_REQUIREMENT_.
Here the job is to print only the lines from the one containing "Temperaturfühler, PT-38 (4055091849)" to the end of the entries, both included, exactly as they stand, with pictures excluded.

Image-text web data
= = = = =

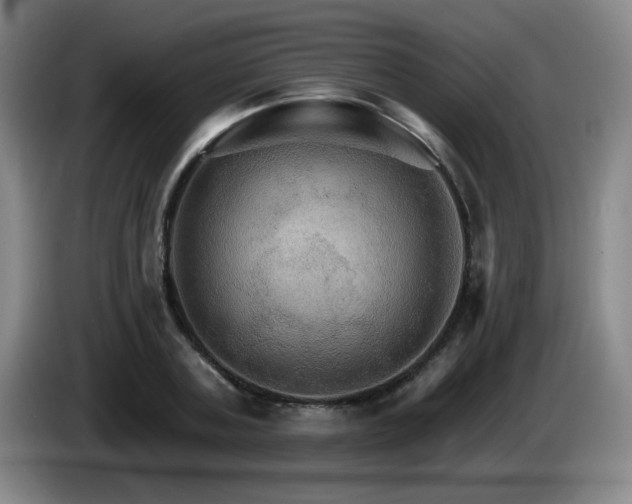 X0000085300787200703091431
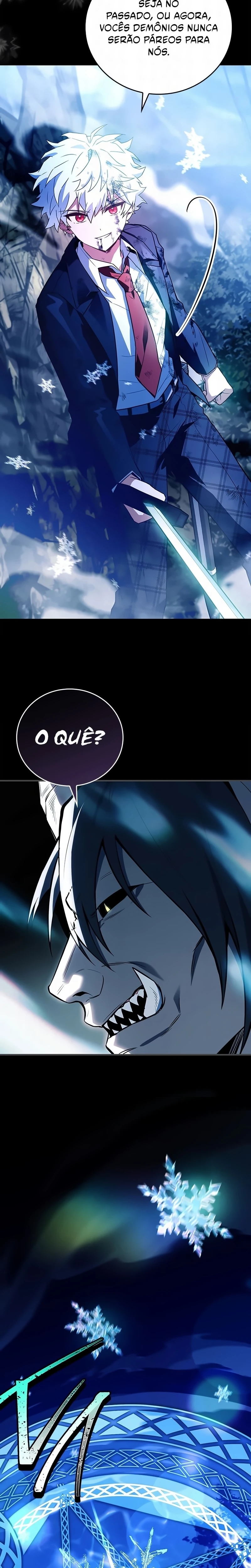 Página 31 do Capítulo 34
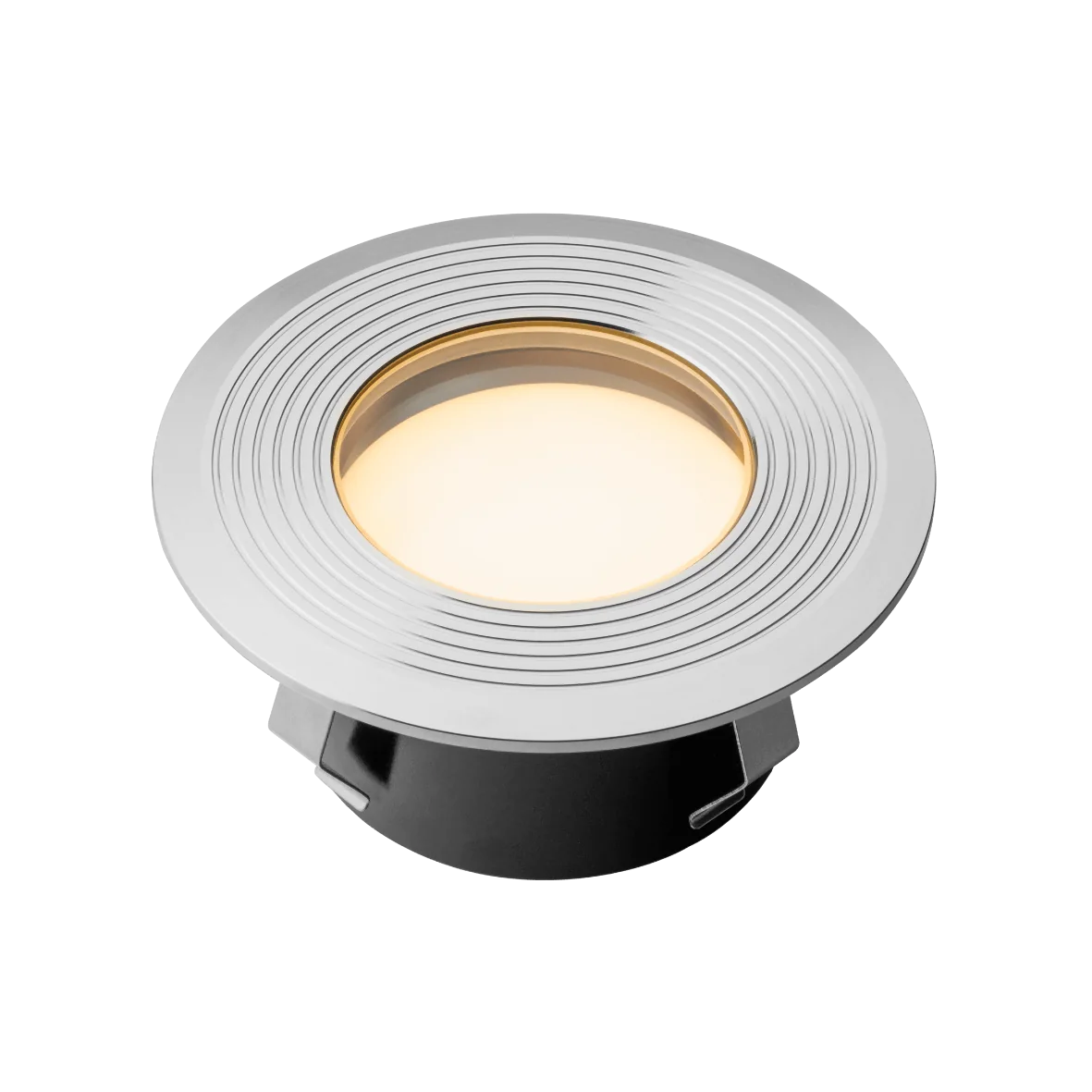 Light Pro Onyx 90 RS 12V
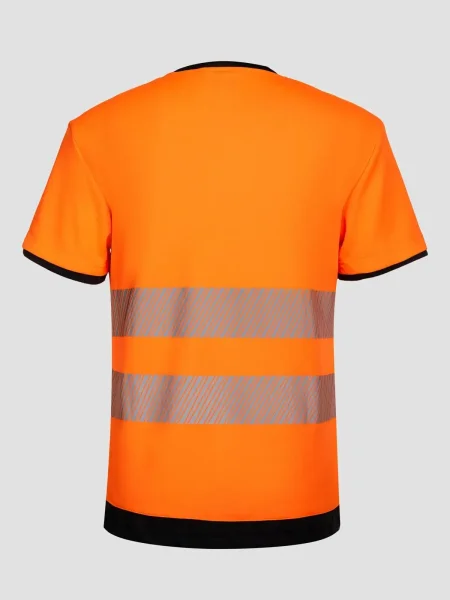 t-shirt-orange-black-6.webp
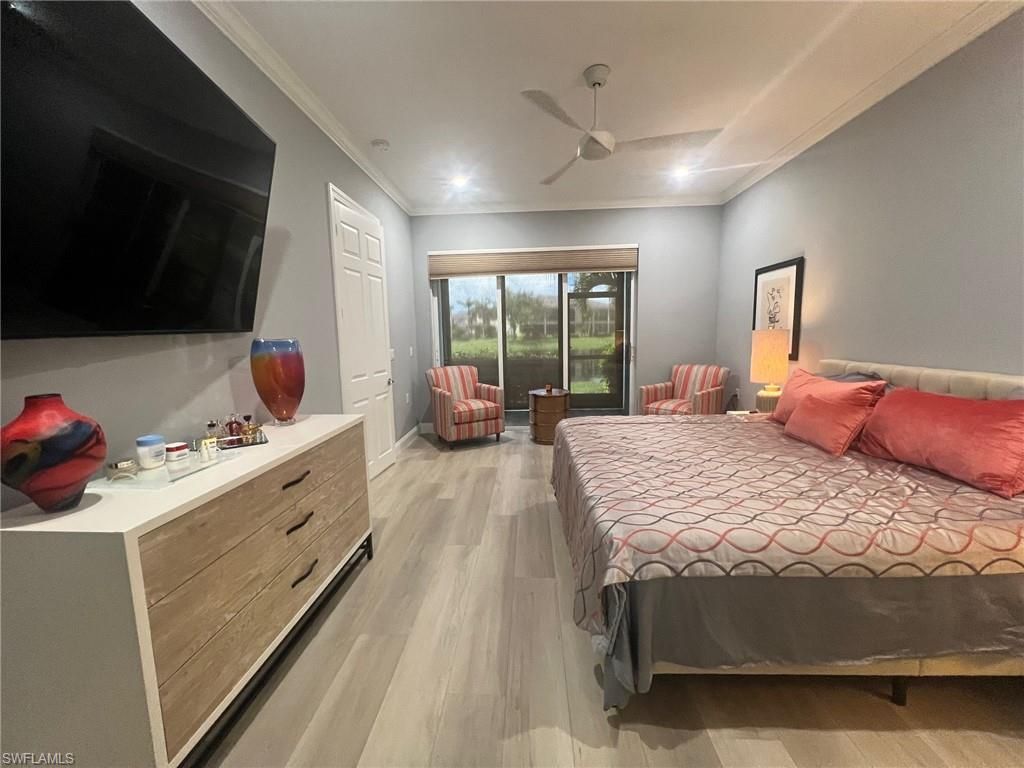 817 Regency Reserve Cir, Unit 3901, Naples, FL 34119 Photo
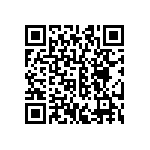 CRCW060336K5FKTA QRCode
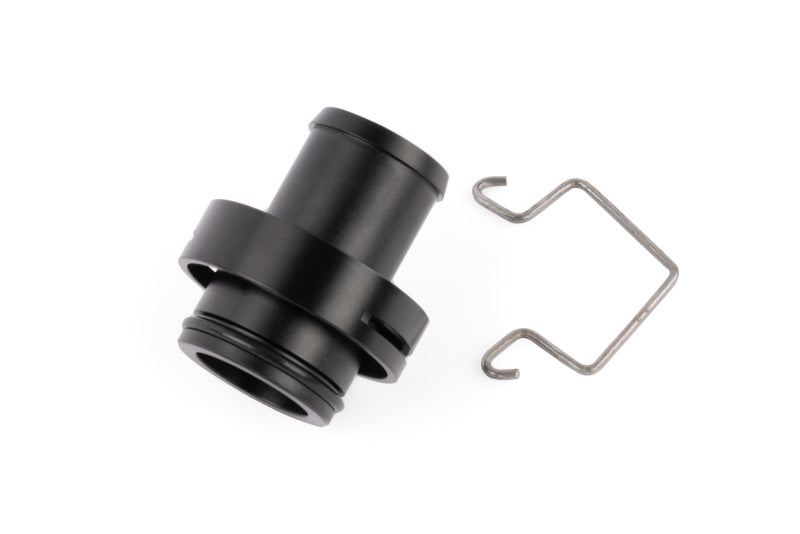 APR 22-26 Volkswagen GTI EA888.4 (MK8) 2.0T DV Conversion Kit & Turbo Outlet Hose MS100262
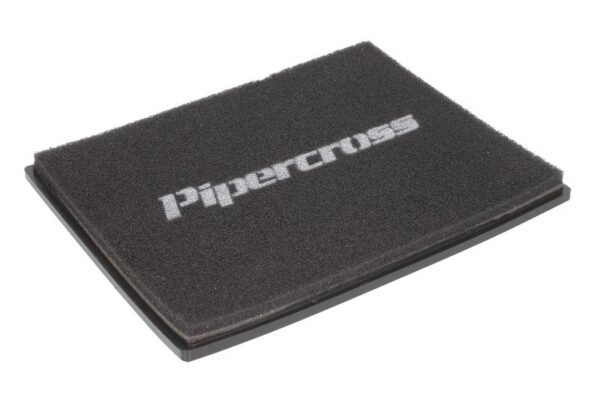 Filtre de aer PIPERCROSS TUPP1920 păreri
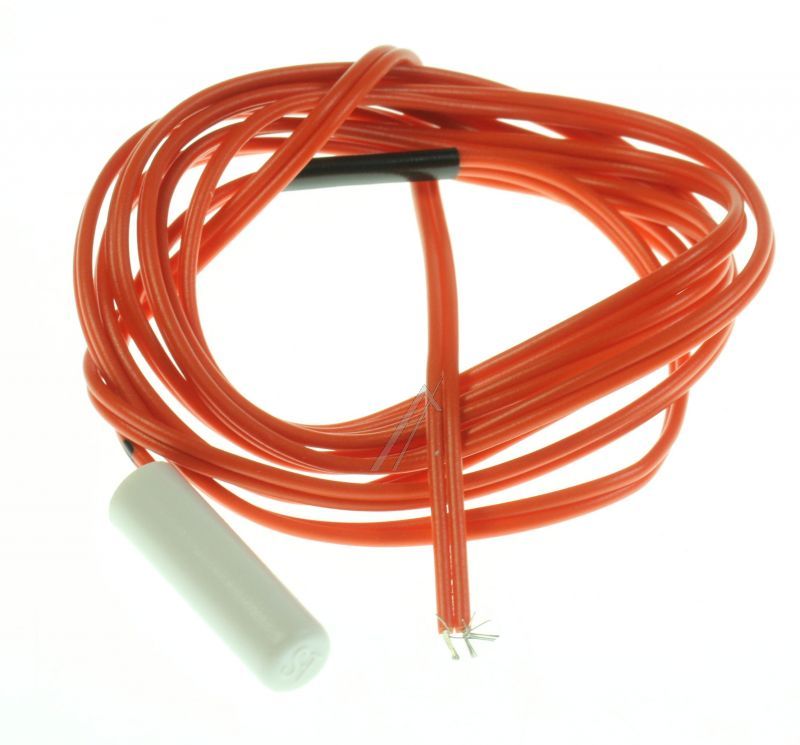 Temperaturfühler, PT-38 (4055091849)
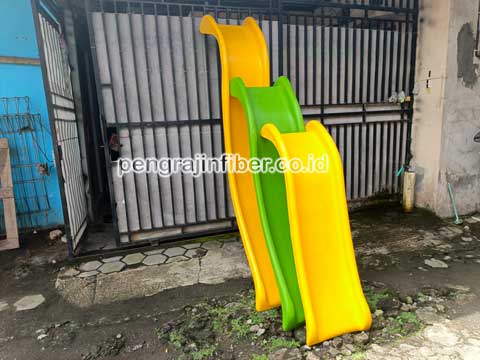 Toko Perosotan Lombok Barat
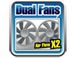 newegg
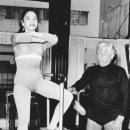 라필라테스 - 미추홀구 용정공원로83번길 59 | 라필라테스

= = = = =

_SOLUTION TO THIS TASK_.
 Temperaturfühler, PT-38 (4055091849)
 Toko Perosotan Lombok Barat
 newegg
 라필라테스 - 미추홀구 용정공원로83번길 59 | 라필라테스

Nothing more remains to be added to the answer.